Assegai
Page 40
‘I will go back to keep watch on my lion,’ Loikot volunteered. ‘When it is dark, he might move a great distance. I will return early tomorrow morning.’
It was still two hours from sunset when they heard singing and saw the people coming through the open forest towards where they were camped on the edge of the pan. Manyoro was leading them, and he was followed by the long file of armed morani decked out in full hunting regalia, carrying shields and assegais.
Behind them came hundreds of men, women and children. They had gathered from every manyatta for fifty miles around. Like a flock of gorgeous sunbirds, the unmarried girls fluttered behind the regiment of eligible morani. By the time the sun had set, this agglomeration of humanity was encamped around the Butterfly, and the night air was redolent with the aromas from the cooking fires. Excitement was running at fever pitch and the singing and happy laughter of young people went on throughout the night.

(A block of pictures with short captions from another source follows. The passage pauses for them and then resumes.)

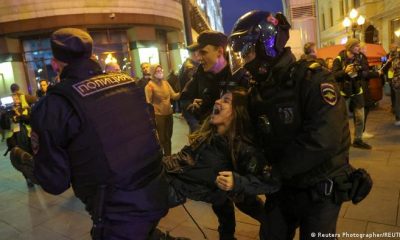 La policía detiene a una mujer en Moscú durante una de las protestas. Foto: DW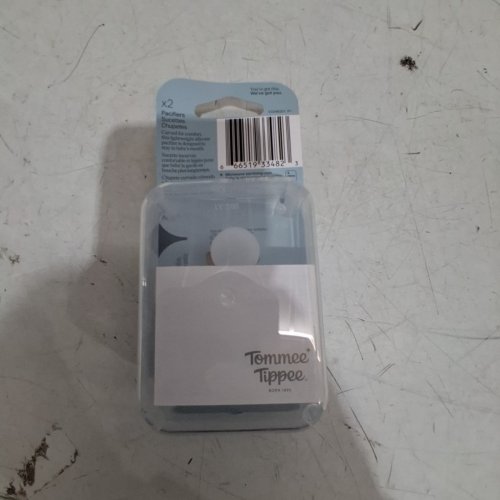 2PK TOMMEE TIPPEE ULTRA-LIGHT SOFT SILICONE PACIFIERS - 18-36M - WHITE/GREEN image 3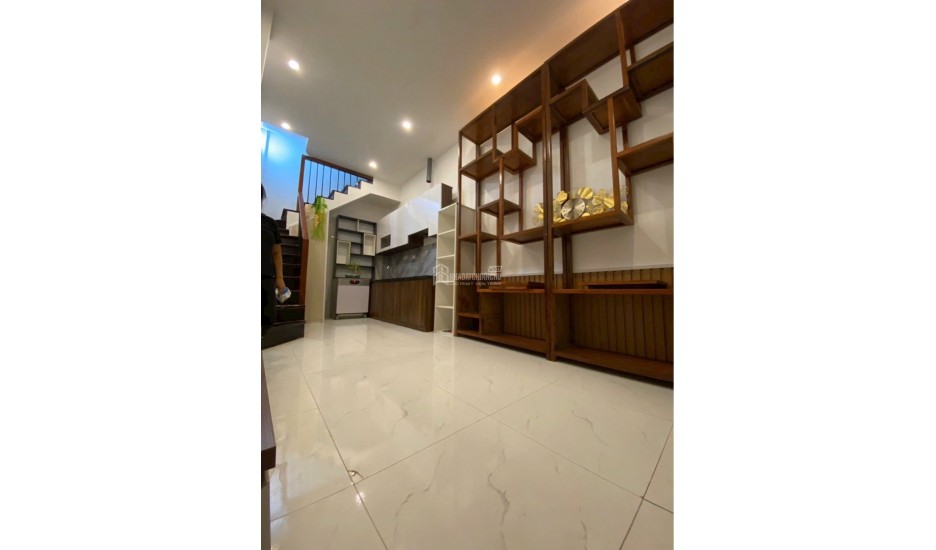Giá mềm 4.2 tỷ 25m Nguyễn Văn Linh Long Biên,sổ đỏ đầy đủ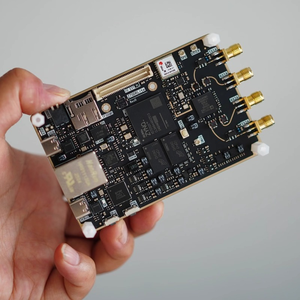 Kit de Desarrollo SDR con Carcasa Acrílica Edición Maker 9363, Compatible con AD9361 PlutoSDR, Soporte de Porteo FMCOMMS3 - Product Image 5
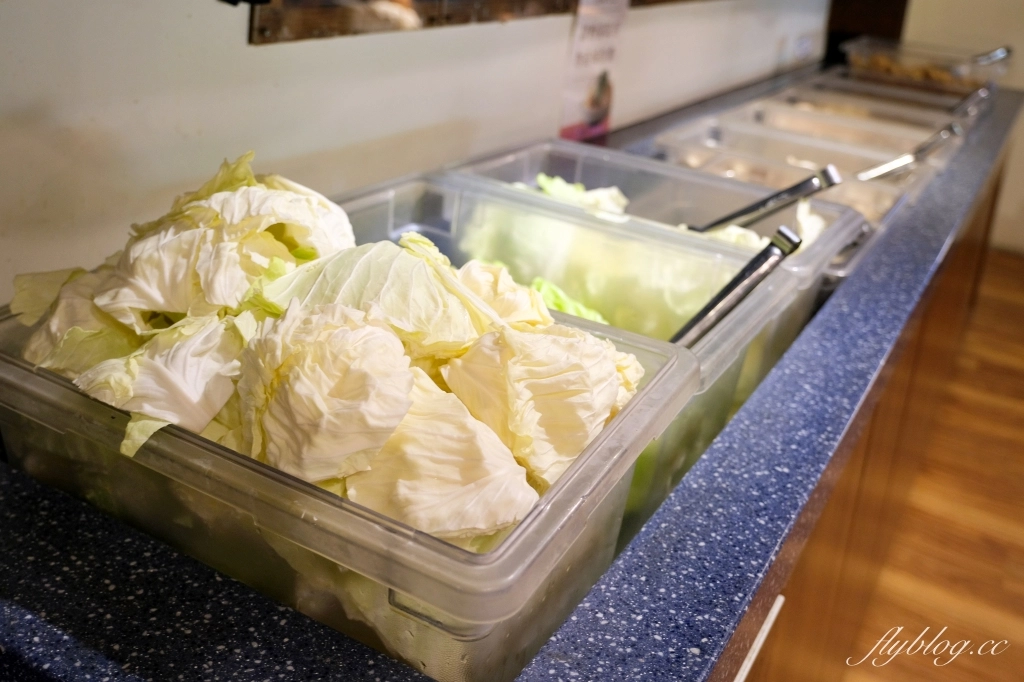 苗栗三義｜卓也小屋渡假園區．鳶尾花季起跑！森林裡的小村落，賞花、美食、藍染 @飛天璇的口袋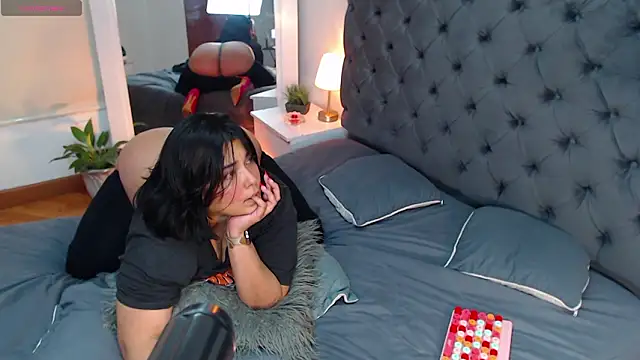 VictoriaMontero30000 online show from March 28, 11:58 pm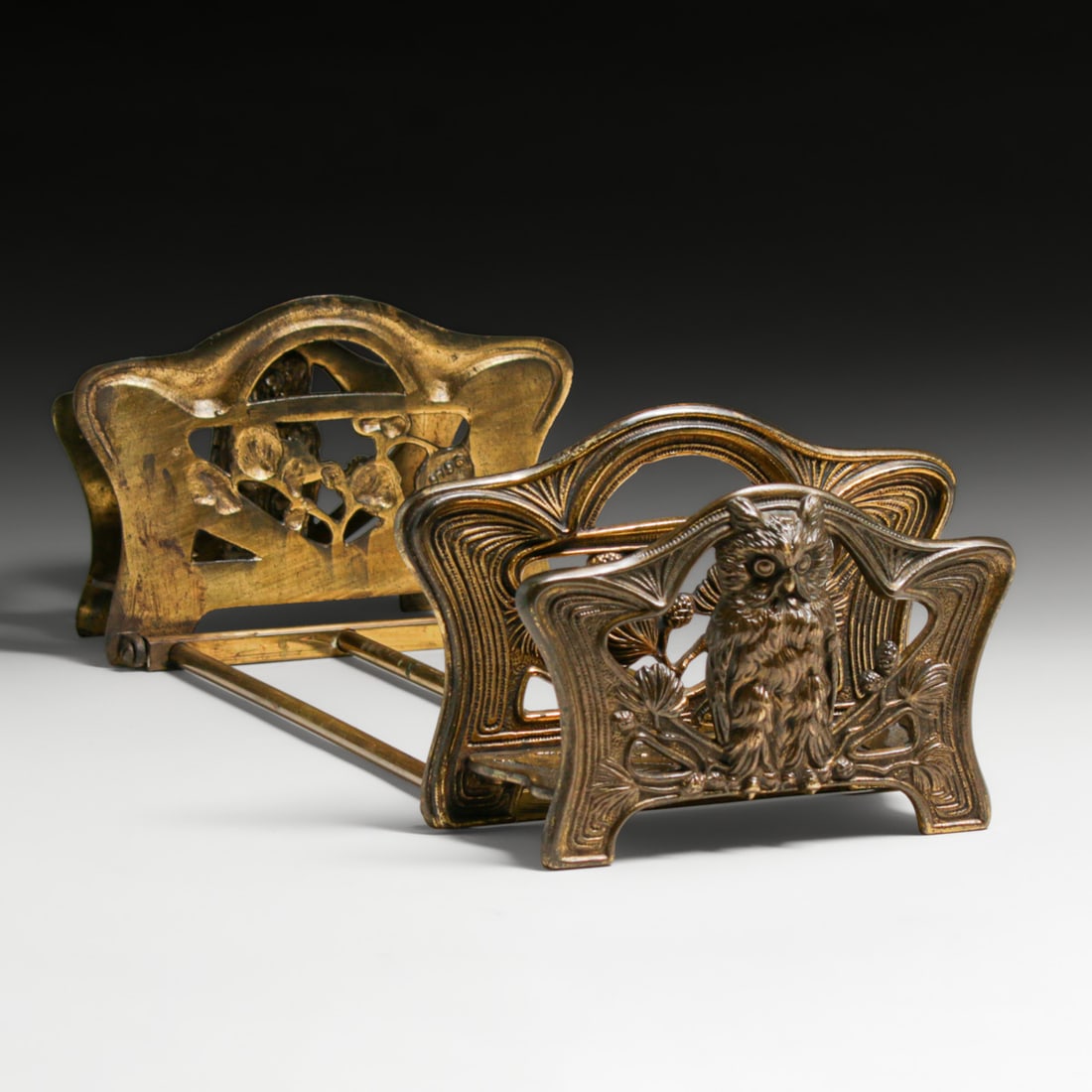 H.L. Judd Brass Table-Top Owl Bookrack c1920: H.L. Judd Brass Table-Top Owl Bookrack c1920. Unsigned. Excellent original patina. 19"w x 8" x 5"h. Expands to 27.5"w overall. FREE NATIONWIDE SHIPPING Free Nationwide Shipping within the lower 48 s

The next morning, before it was light, Loikot returned from his scouting expedition. He reported that, by the light of the moon, the lion had taken a young kudu cow and was still feeding on the carcass. ‘He will not leave his kill,’ Loikot said with conviction.
The hunters waited for the sun with mounting anticipation. They sat around the fires preening and dressing their hair, sharpening their assegais and tightening the sinews of their shields. When the first rays of the sun struck the cliffs of the escarpment, the master of the hunt blew a blast on his whistle to signal the start. They sprang up from their sleeping mats and formed up on the white salt plain in their ranks. They began to dance and sing, softly at first but with increasing abandon as the excitement built up.

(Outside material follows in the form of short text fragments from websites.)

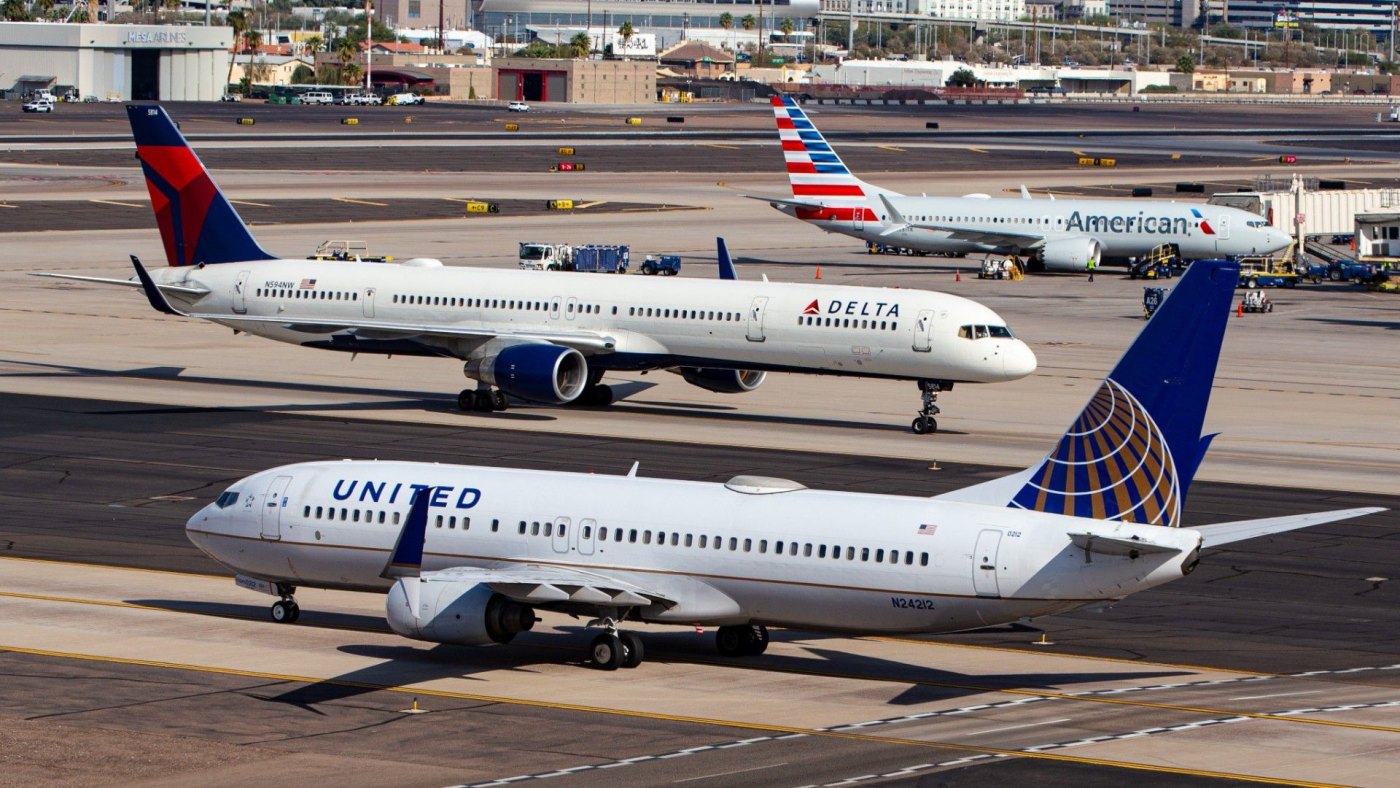 Why US Airlines Aren't Happy About New 21 Day Ebola Rules For Passengers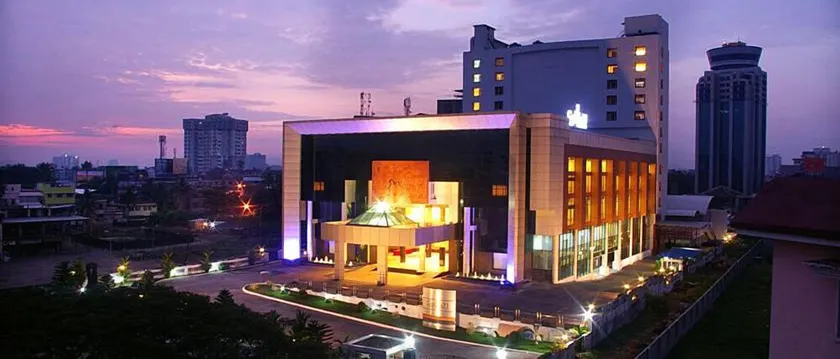 Gokulam Park Hotel & Convention Centre - Image 1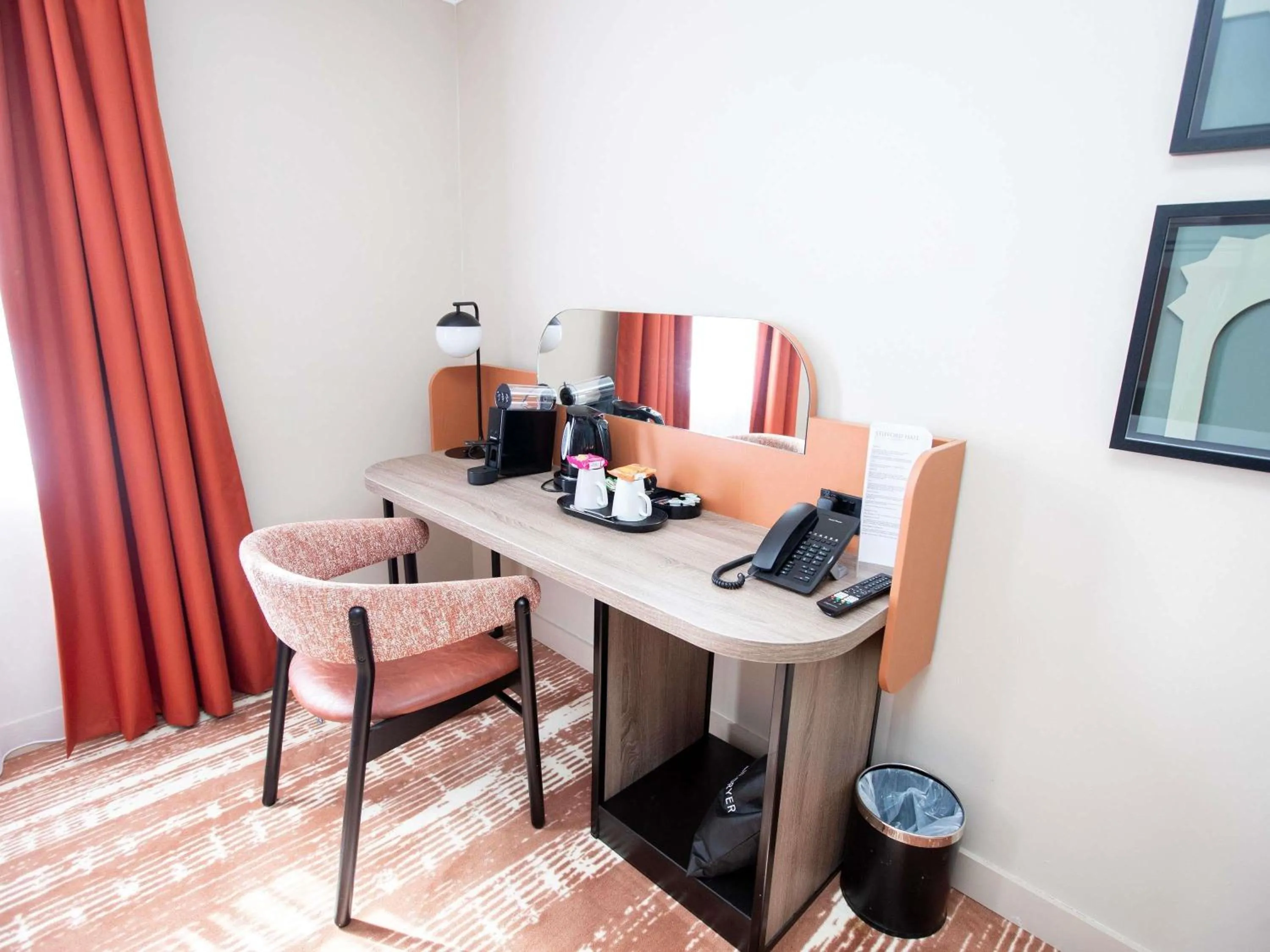 Bedroom in Mercure Thurrock Stifford Hall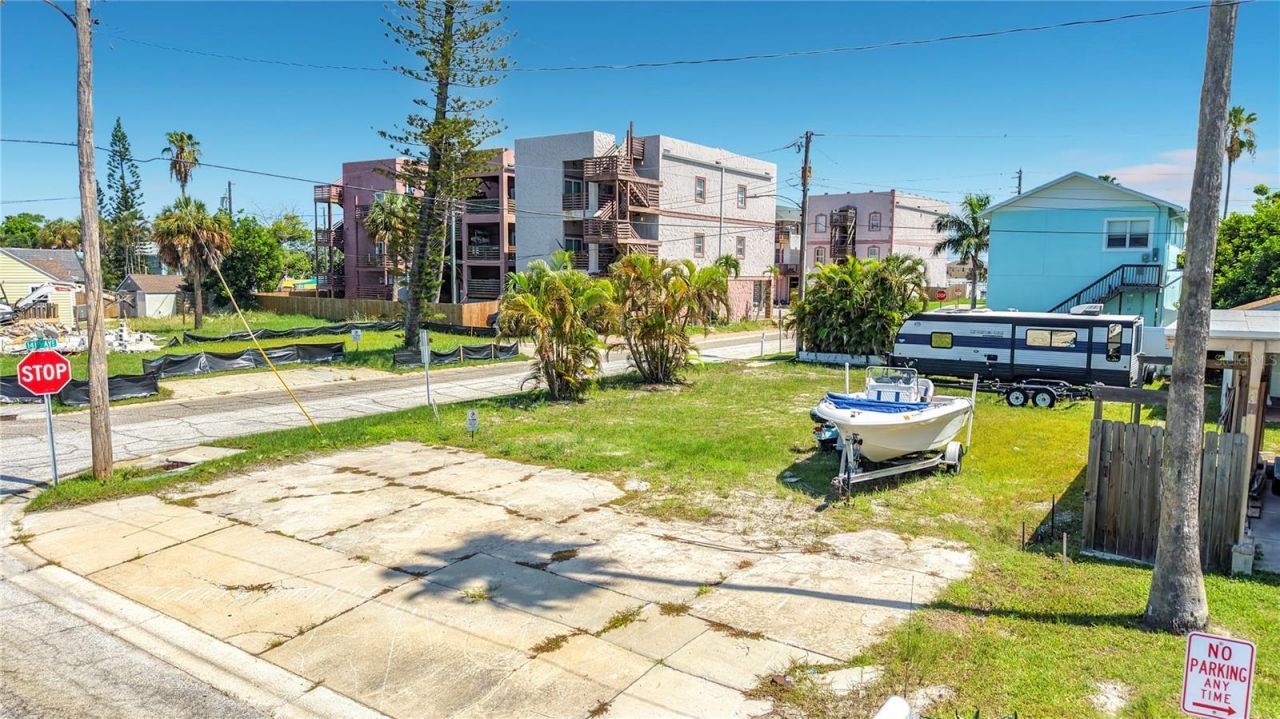 14065 Palm St, Madeira Beach, FL 33708 Photo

The young girls formed a ring around them. They started to ululate, to stamp their feet and jerk their hips, to clap their hands and bob their heads. They joggled their breasts and oscillated their plump round buttocks for the men, egging them on. The morani began to sweat as they danced. Their eyes glazed over with a ferment of blood-lust and arousal.
Suddenly Graf Otto appeared from the tent that had been erected in the shadow of the Butterfly’s wide wings and marched on to the white pan. A roar went up from the morani ranks when they saw him. He was dressed in a red tribal shuka. The skirt was belted around his waist and the tail was thrown back over one shoulder. The skin of his upper torso and limbs was exposed, white as an egret’s wing. The hair on his chest and forearms was as bright as copper wire. His shoulders were wide, his chest was broad and his limbs were hard and muscled, but his belly was full, beginning to bulge and soften with age and good living.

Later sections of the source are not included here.